Work instructions -> Leave out the pictures and print precisely the lines from the line with "Das Bild zeigt" to the final line of the entries, both ends included.

Data for the task ->
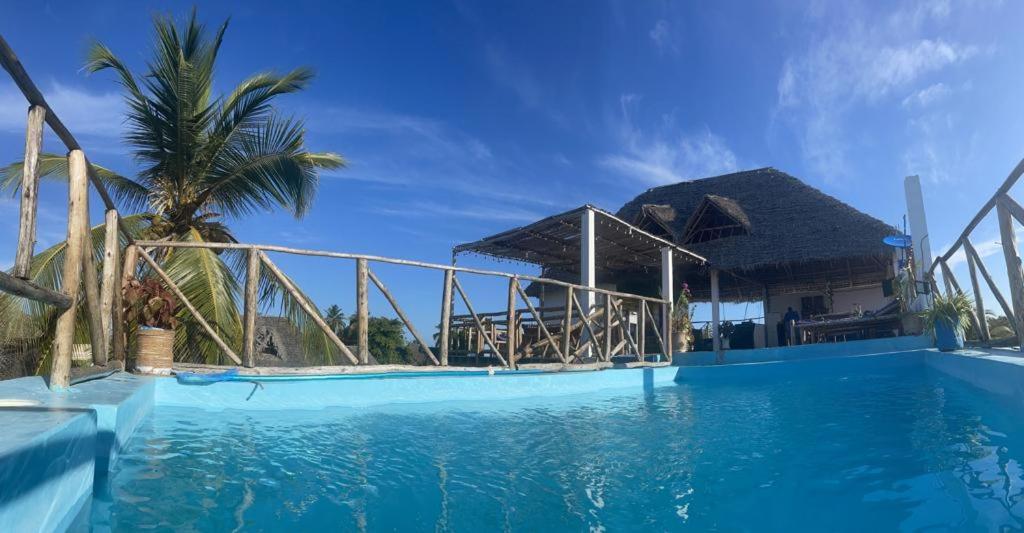 Bazén v ubytování Babalao Rooftop Hotel nebo v jeho okolí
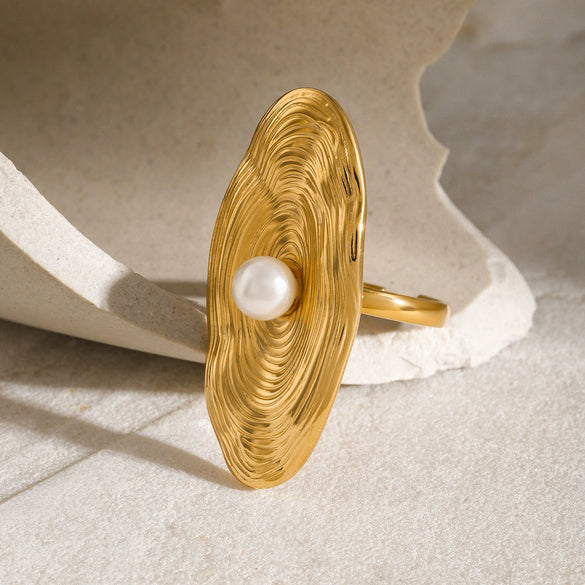 Wholesale Women's Ring Stainless Steel Geometric Oval Pearl Ring With Electroplating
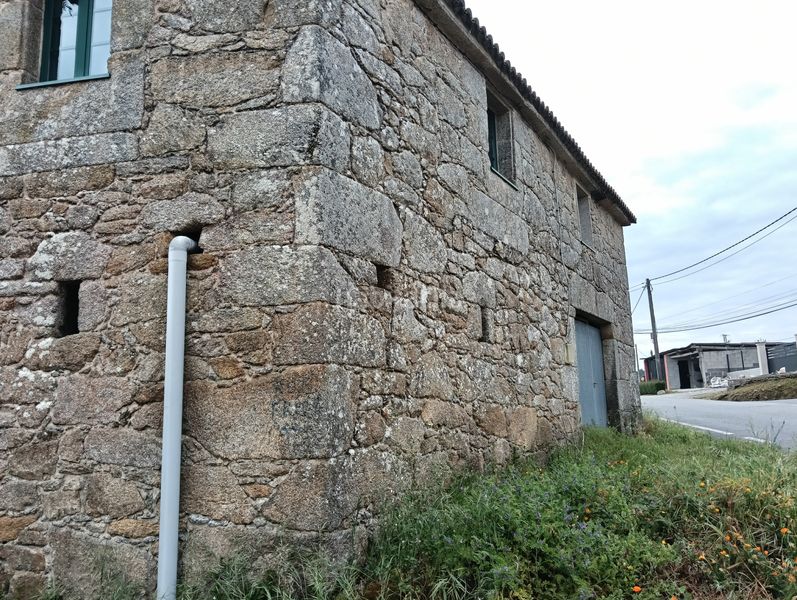 Foto 8370e25f-f91b-4c04-92f9-f211f5da042a. Casa amb aparcament a Coirós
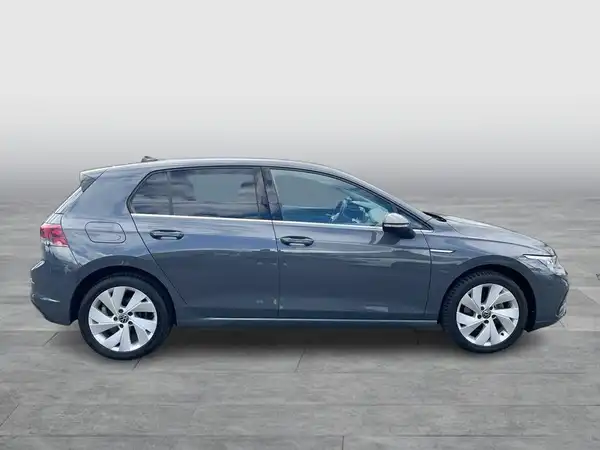 Das Bild zeigt einen grauen VW Golf aus der Seitenansicht.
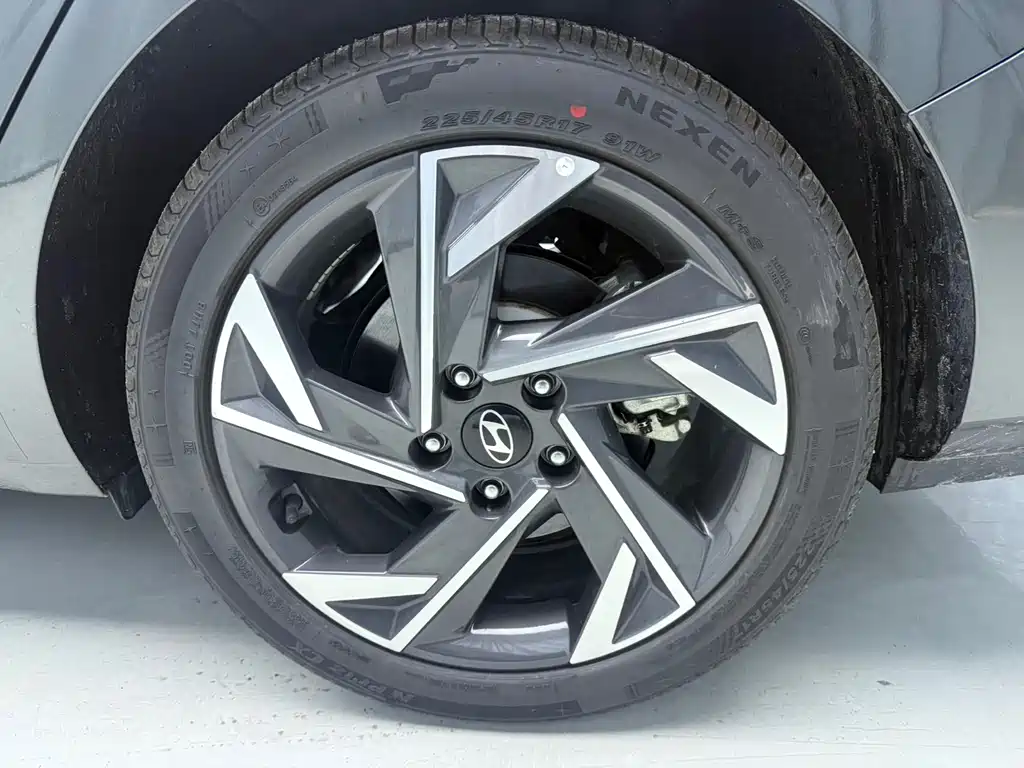 Hyundai Elantra 2023 — фото 18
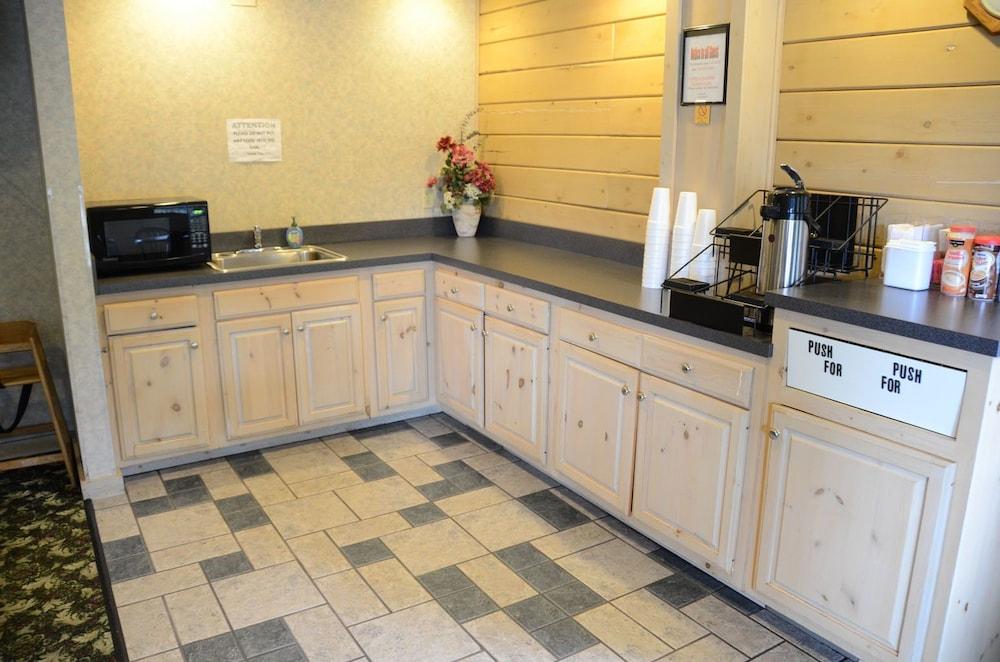 Paddle Wheel Inn photo 36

Result of the task ->
 Das Bild zeigt einen grauen VW Golf aus der Seitenansicht.
 Hyundai Elantra 2023 — фото 18
 Paddle Wheel Inn photo 36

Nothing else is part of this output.